The Rural City of Murray Bridge is located on the traditional lands and waters of the Ngarrindjeri. In 2020, Murray Bridge had an estimated resident population of 22,847, with the population projected to increase by approximately 13% to reach nearly 26,000 people by 2036. Between 2017–20, net overseas migration was the largest contributor to population growth in Murray Bridge.2 In 2019, the region’s ‘All Culture Fest’ celebrated the presence of at least 25 different nationalities in the Murray Bridge community. At the 2016 Census, approximately 16% of the population was born overseas (of these, 27% had arrived in Australia within the previous five years) and 11% spoke a language other than English at home.
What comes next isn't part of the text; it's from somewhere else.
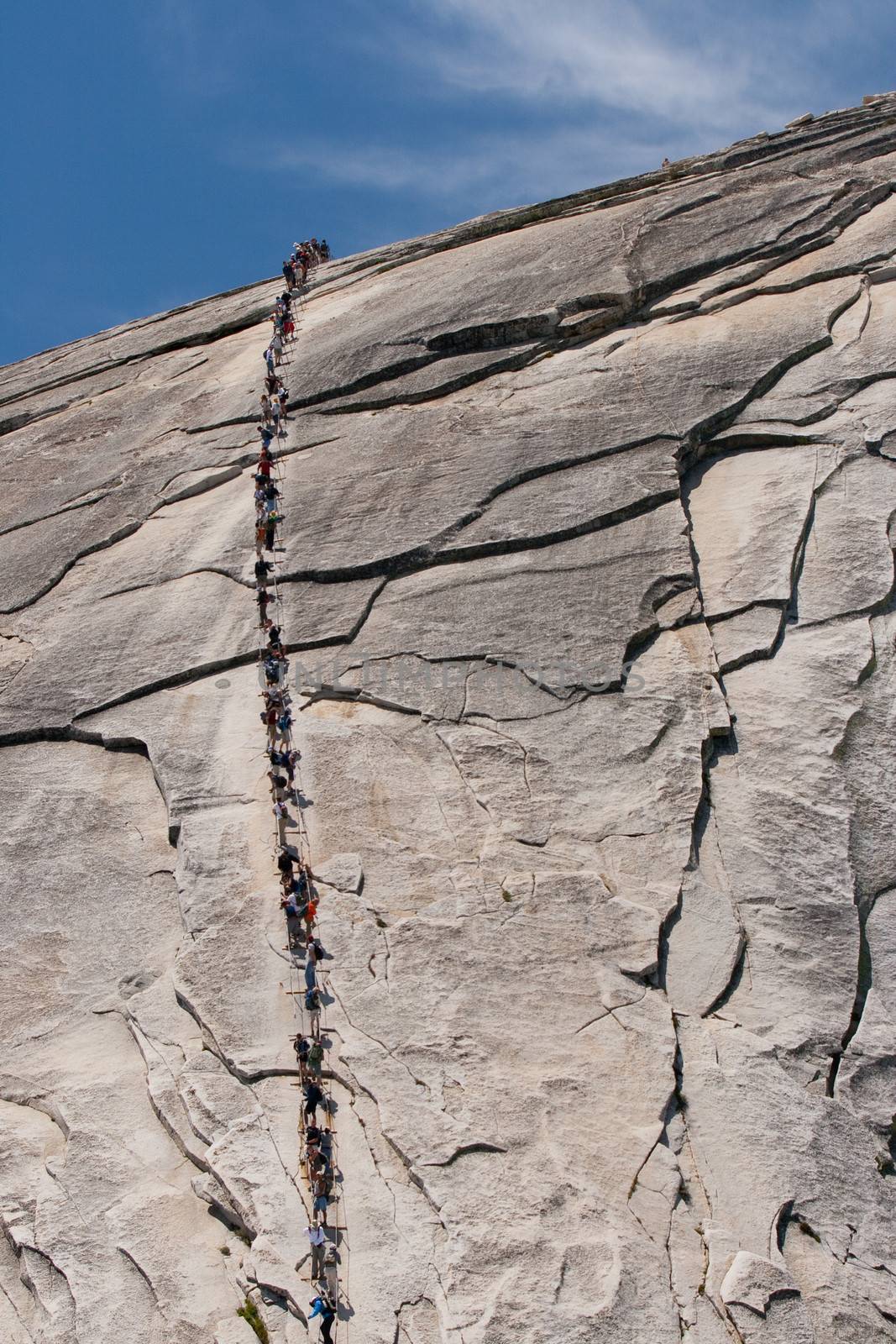 The Cable Ladder going up the Half Dome in Yosemite National Park in California.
At Census, a further 5% of the population identified as Aboriginal and Torres Strait Islander.
The Rural City of Murray Bridge demonstrates leadership in advancing a welcoming culture according to the Welcoming Cities Australian Standards in the following ways:
- A longstanding acknowledgment from Council of the significant cultural heritage of the traditional owners, and a commitment to working with the Ngarrindjeri people that is codified in existing cultural management plans and Council strategies. Each year, Council supports multiple events which further reinforce this commitment in visible and public ways that also promote intercultural learning opportunities. The celebration of the 50th birthday of the Murray Bridge Bunyip/Mulyawonk is a recent example of such collaboration with the Ngarrindjeri Regional Authority.
- Murray Bridge publically demonstrates itself as a welcoming community for different cultures, faiths, and ethnicities. A highlight is the All Culture Fest, held during Refugee Week, which builds on the declaration of Murray Bridge as a ‘Refugee Welcome Zone’, and celebrates cultural diversity in the region.
- Council actively uses the term ‘new neighbours’ over policy-specific terms such as ‘asylum seekers’ or ‘refugees’. This positively demonstrates a symbolic openness to migration.
- Council supports the Murraylands Migrant Resource Centre through grant funding for a variety of multicultural events, support for English teaching classes, and information exchange. This demonstrates a commitment to engaging with multicultural groups including the Murraylands Multicultural Network and understanding the needs of new and emerging communities. Recent events and projects include the Yuntu Walun Multicultural Festival, Punjabi Indian Festival, community garden development at the Migrant Resource Centre, and resources for Chinese classes for children to learn Chinese so they can converse with grandparents.
- The establishment of and Council’s ongoing support for the Community Action Group and Ngopun Together group represents effective mechanisms for discussing community issues and this also provides an avenue for feedback. Support for these multi-stakeholder groups works to inform future welcoming policies, activities, and frameworks across all Council areas.
- The mural painted along Sixth Street is another important symbolic reminder of diversity and inclusion for the Murray Bridge community.
Chinese Happy Dancing Group performing at the All Culture Fest event held during Refugee Week each year.
Vanuatu Group who joined our community to work locally.
New citizens are welcomed by Rural City of Murray Bridge.
Sixth St Mural – an important reminder of cultural diversity and inclusion in Murray Bridge historically, today, and in our future.